Stored data:
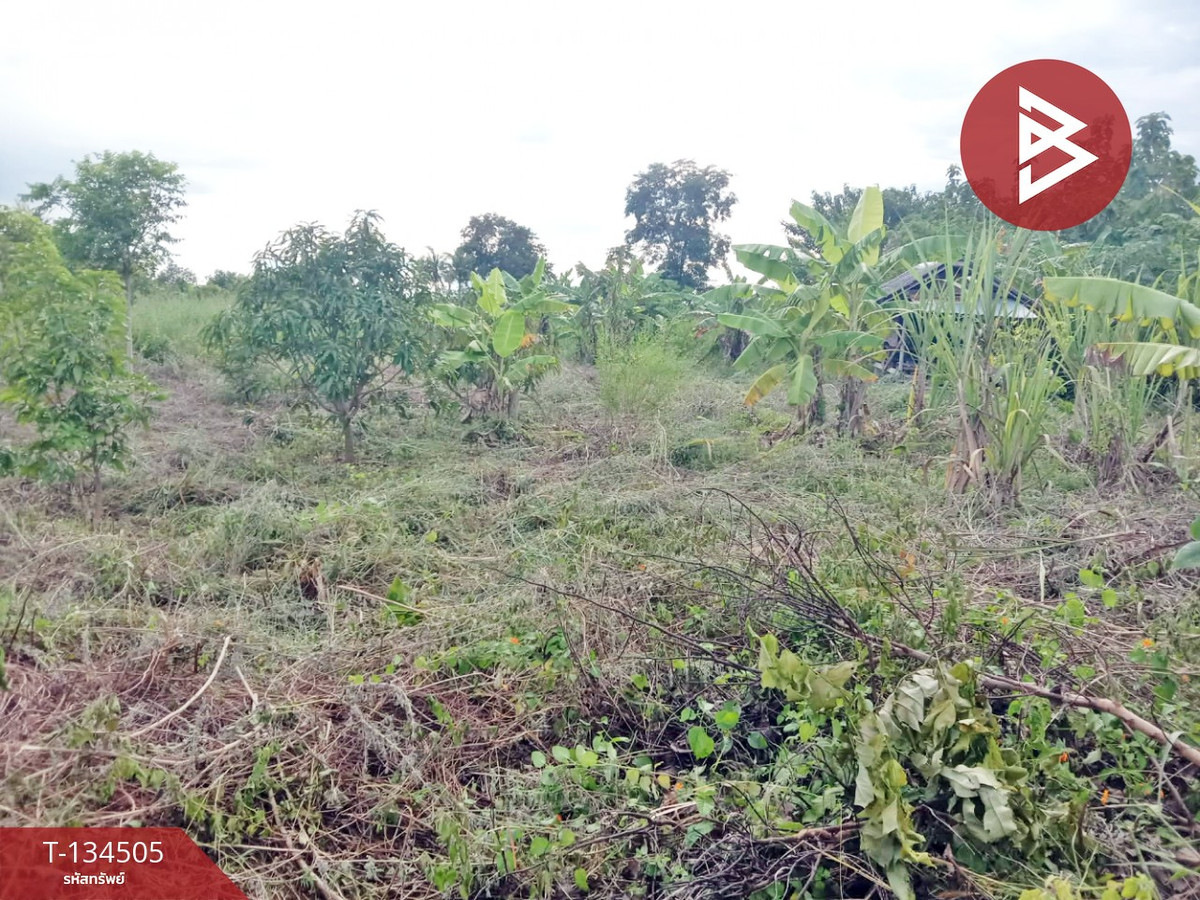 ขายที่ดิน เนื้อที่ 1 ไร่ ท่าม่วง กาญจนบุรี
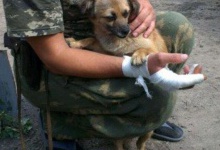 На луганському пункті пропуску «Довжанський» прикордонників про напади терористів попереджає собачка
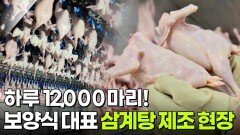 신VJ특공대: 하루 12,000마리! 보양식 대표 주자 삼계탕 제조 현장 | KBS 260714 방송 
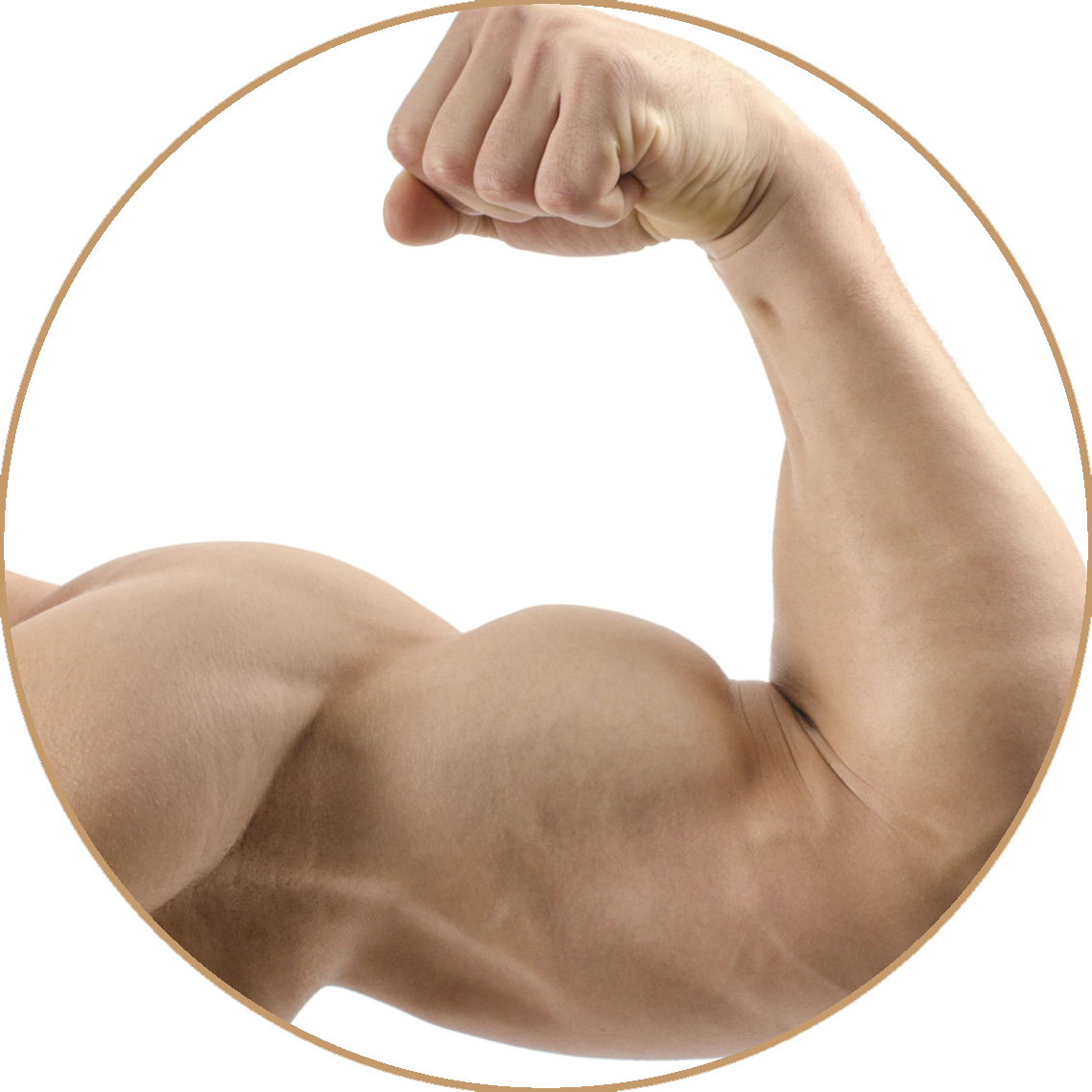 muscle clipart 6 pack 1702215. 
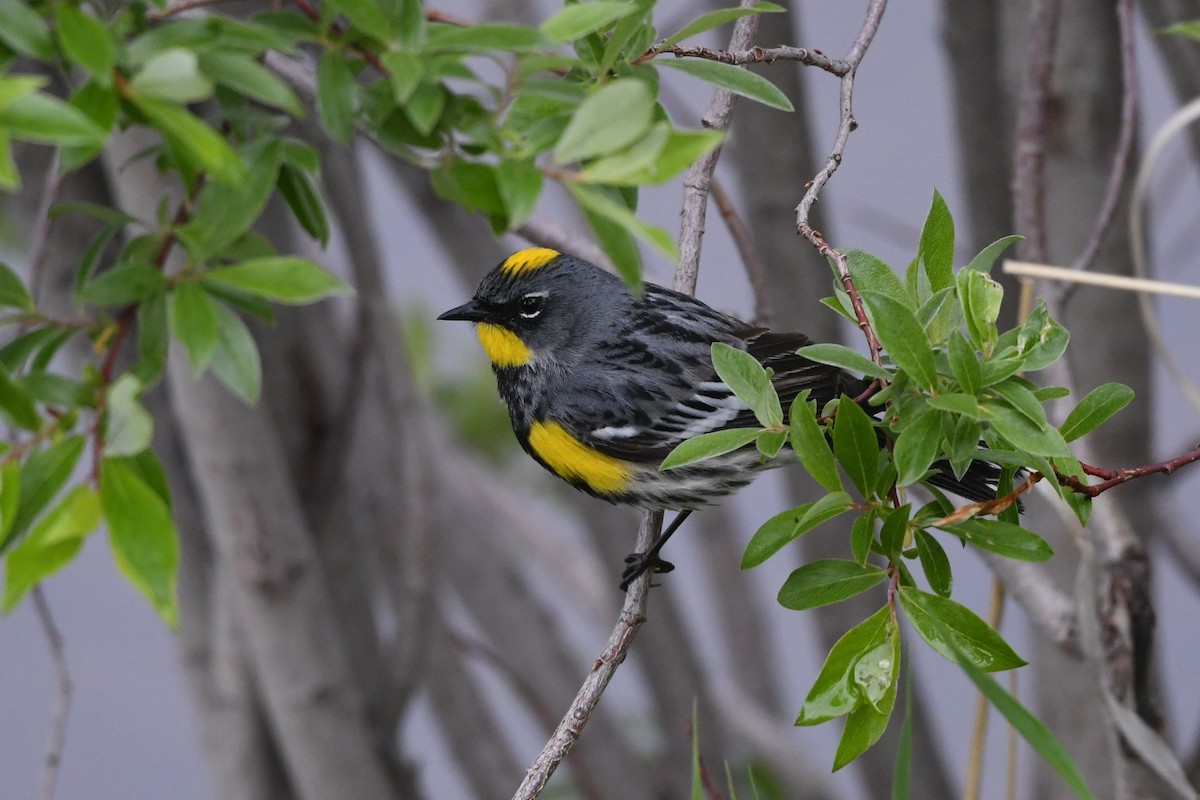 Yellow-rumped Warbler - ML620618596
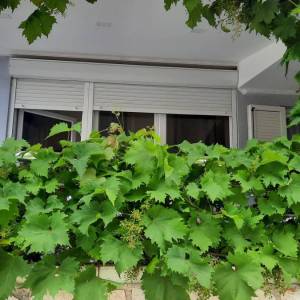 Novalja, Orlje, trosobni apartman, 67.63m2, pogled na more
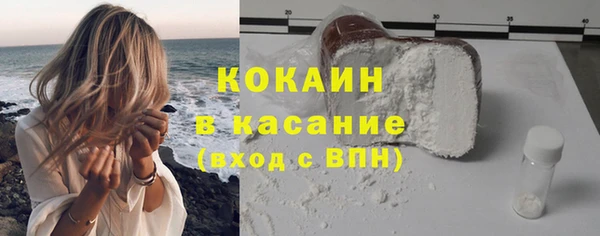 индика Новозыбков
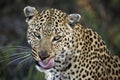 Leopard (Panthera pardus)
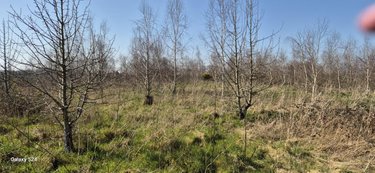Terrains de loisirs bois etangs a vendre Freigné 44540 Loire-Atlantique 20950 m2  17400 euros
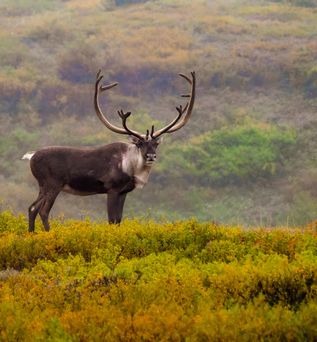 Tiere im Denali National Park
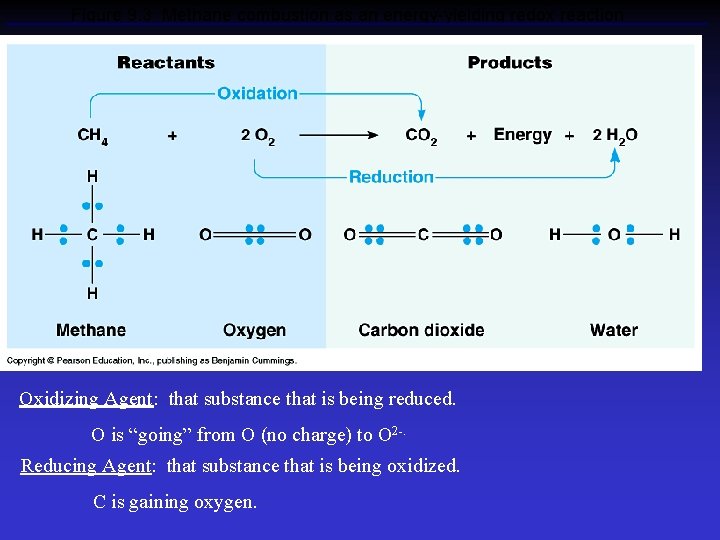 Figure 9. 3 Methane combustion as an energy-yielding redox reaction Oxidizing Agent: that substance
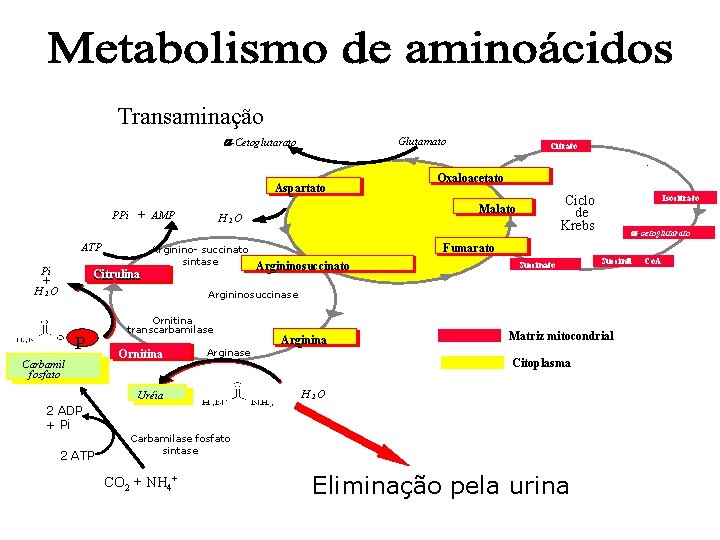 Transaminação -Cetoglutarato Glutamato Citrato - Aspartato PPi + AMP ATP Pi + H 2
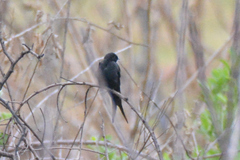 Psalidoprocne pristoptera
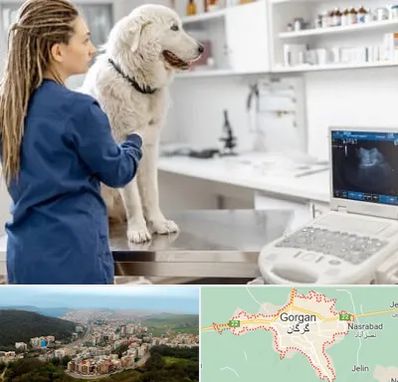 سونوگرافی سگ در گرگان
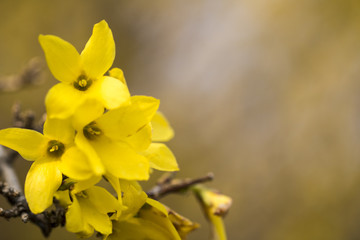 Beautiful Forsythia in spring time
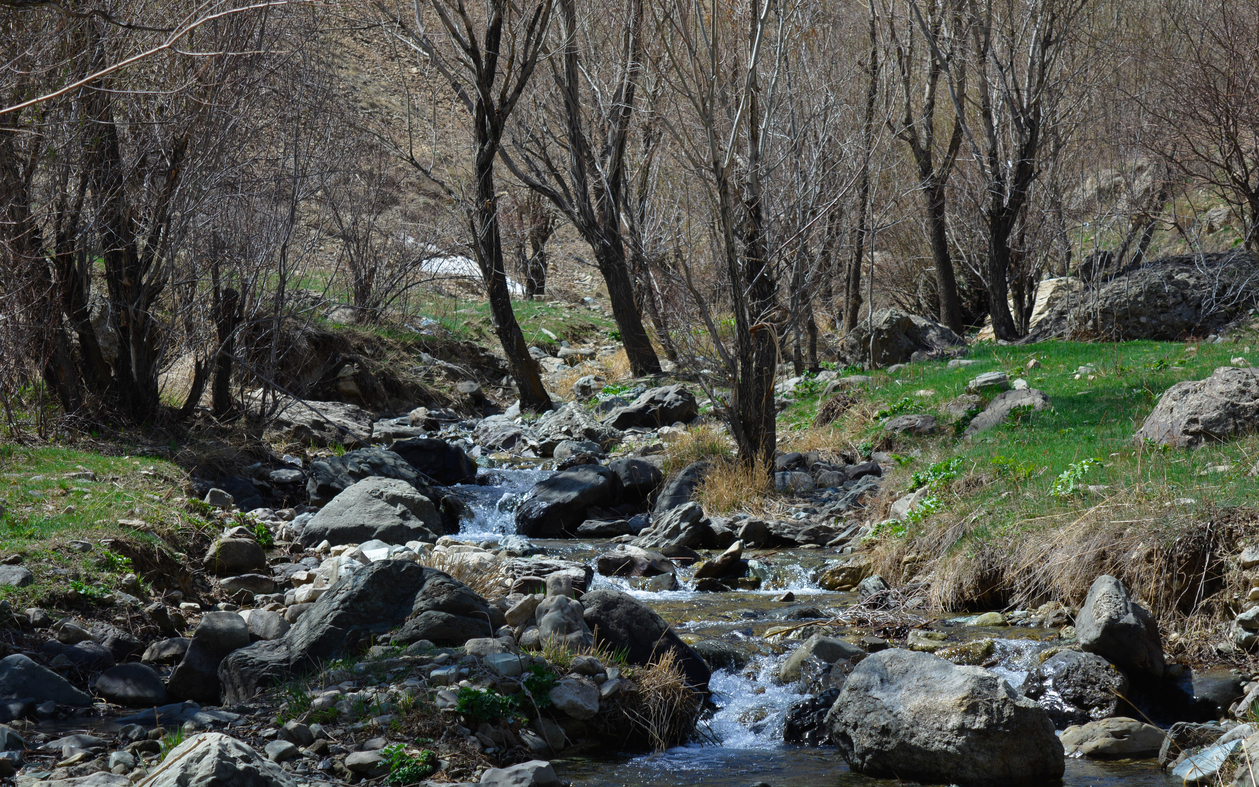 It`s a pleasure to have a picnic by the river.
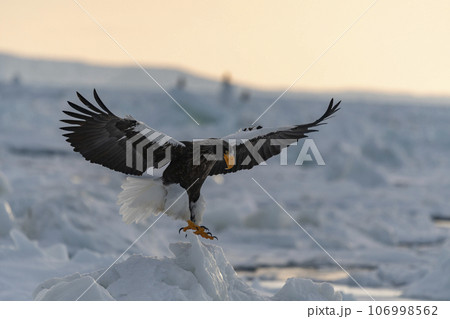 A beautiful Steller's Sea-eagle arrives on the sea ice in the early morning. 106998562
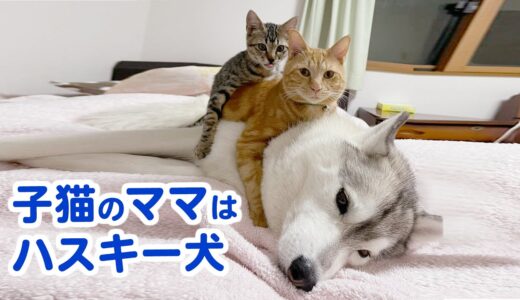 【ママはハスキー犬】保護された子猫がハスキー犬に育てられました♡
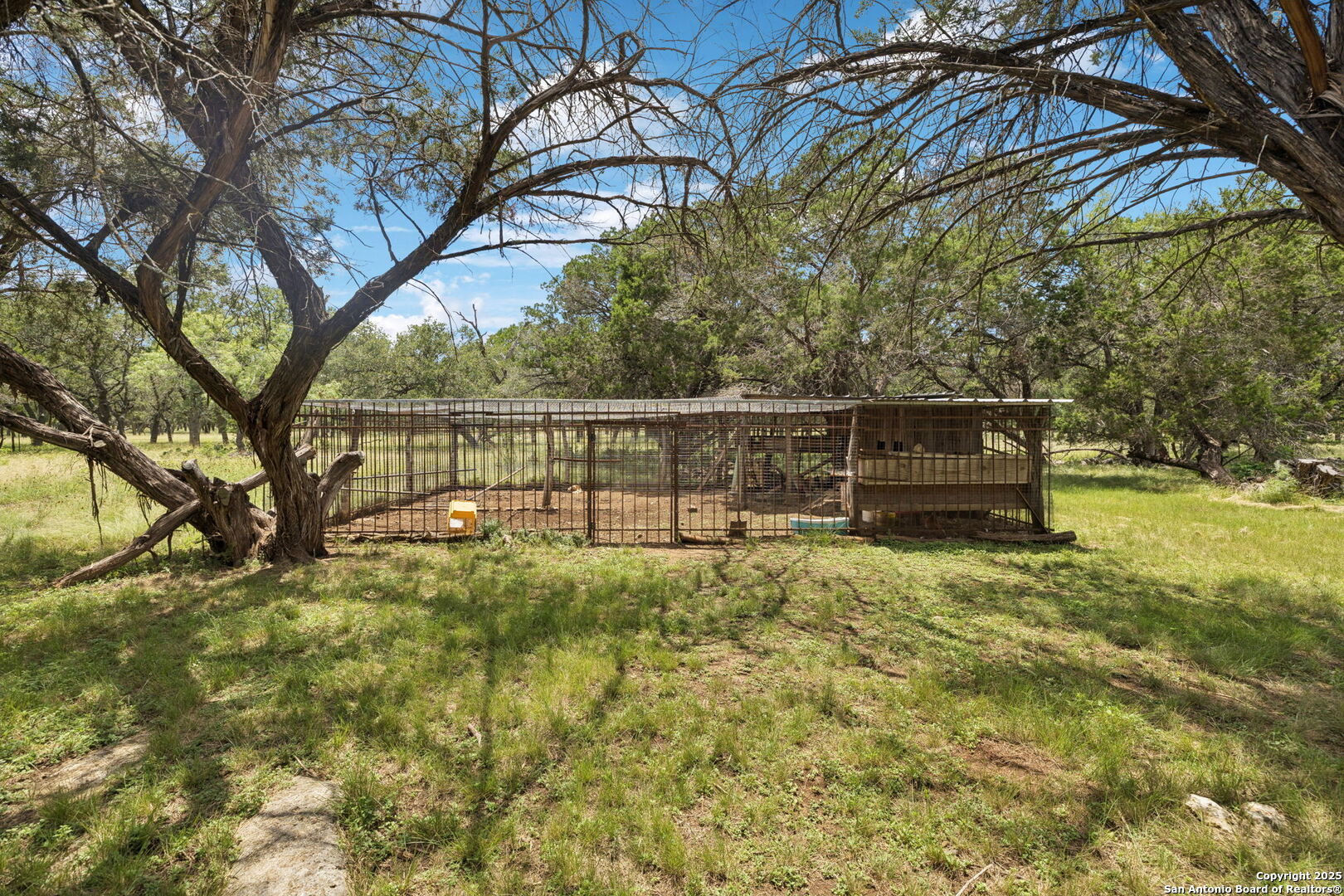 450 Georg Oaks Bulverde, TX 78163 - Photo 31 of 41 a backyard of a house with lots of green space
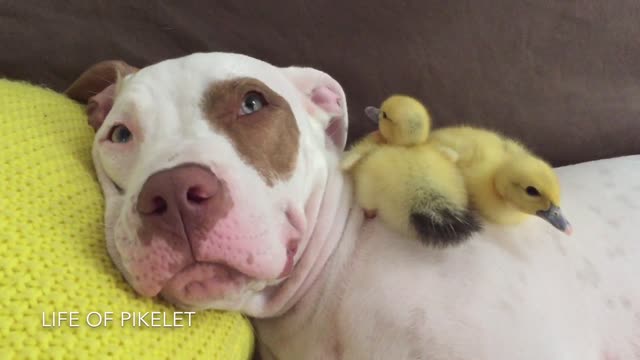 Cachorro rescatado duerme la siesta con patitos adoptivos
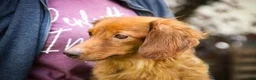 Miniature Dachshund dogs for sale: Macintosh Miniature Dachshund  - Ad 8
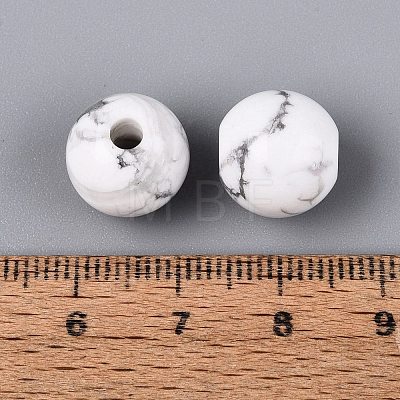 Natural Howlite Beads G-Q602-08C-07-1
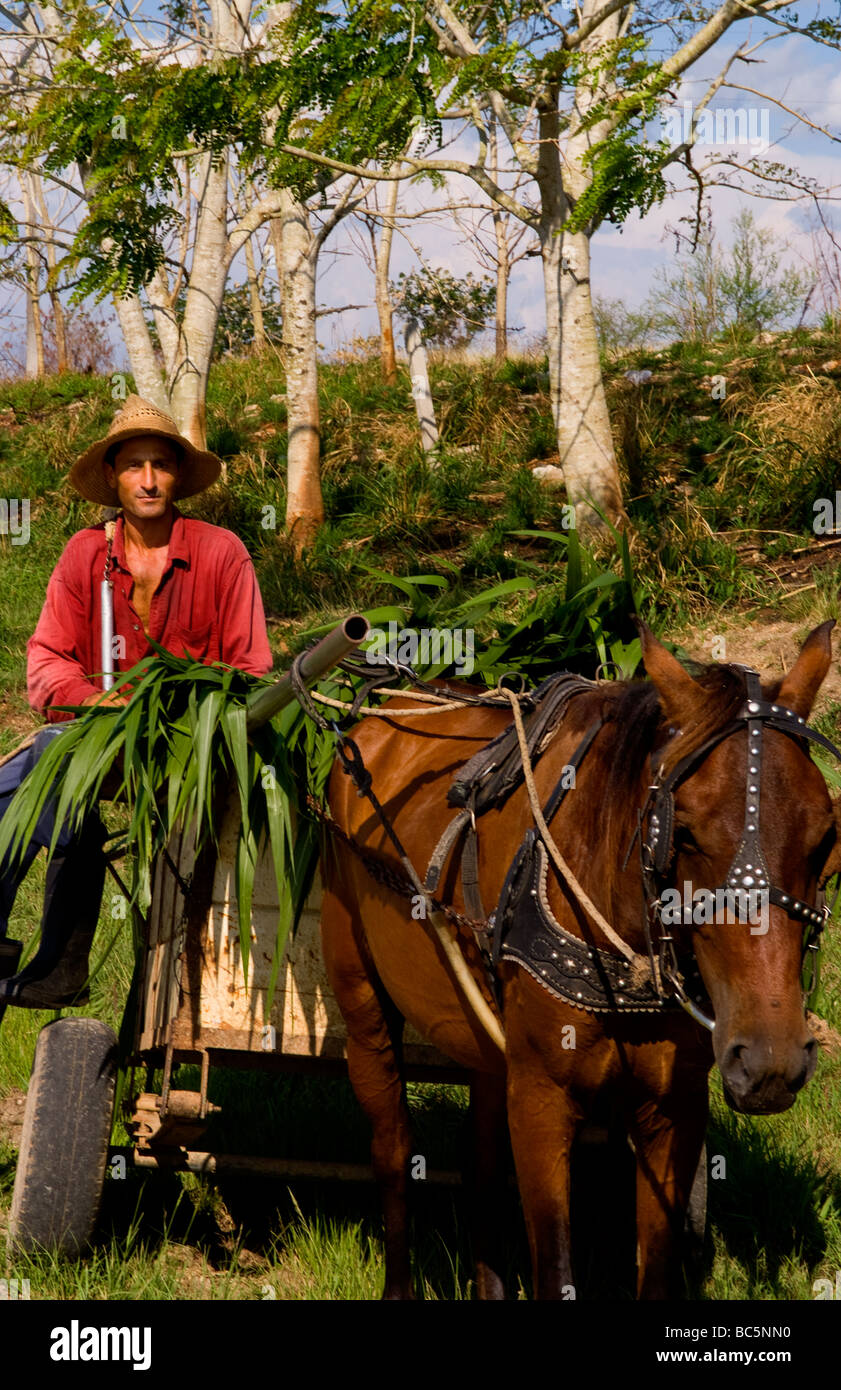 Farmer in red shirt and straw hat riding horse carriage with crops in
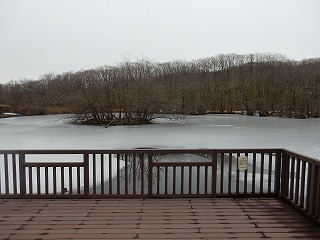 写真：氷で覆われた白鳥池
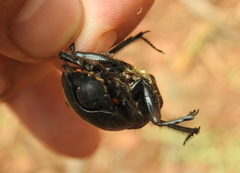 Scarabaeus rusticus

Required action: From the material above, give again exactly the lines from the one that contains "На луганському пункті пропуску" through the one that contains "Yellow-rumped Warbler - ML620618596", and leave out the pictures.

Result:
 На луганському пункті пропуску «Довжанський» прикордонників про напади терористів попереджає собачка
 신VJ특공대: 하루 12,000마리! 보양식 대표 주자 삼계탕 제조 현장 | KBS 260714 방송 
 muscle clipart 6 pack 1702215. 
 Yellow-rumped Warbler - ML620618596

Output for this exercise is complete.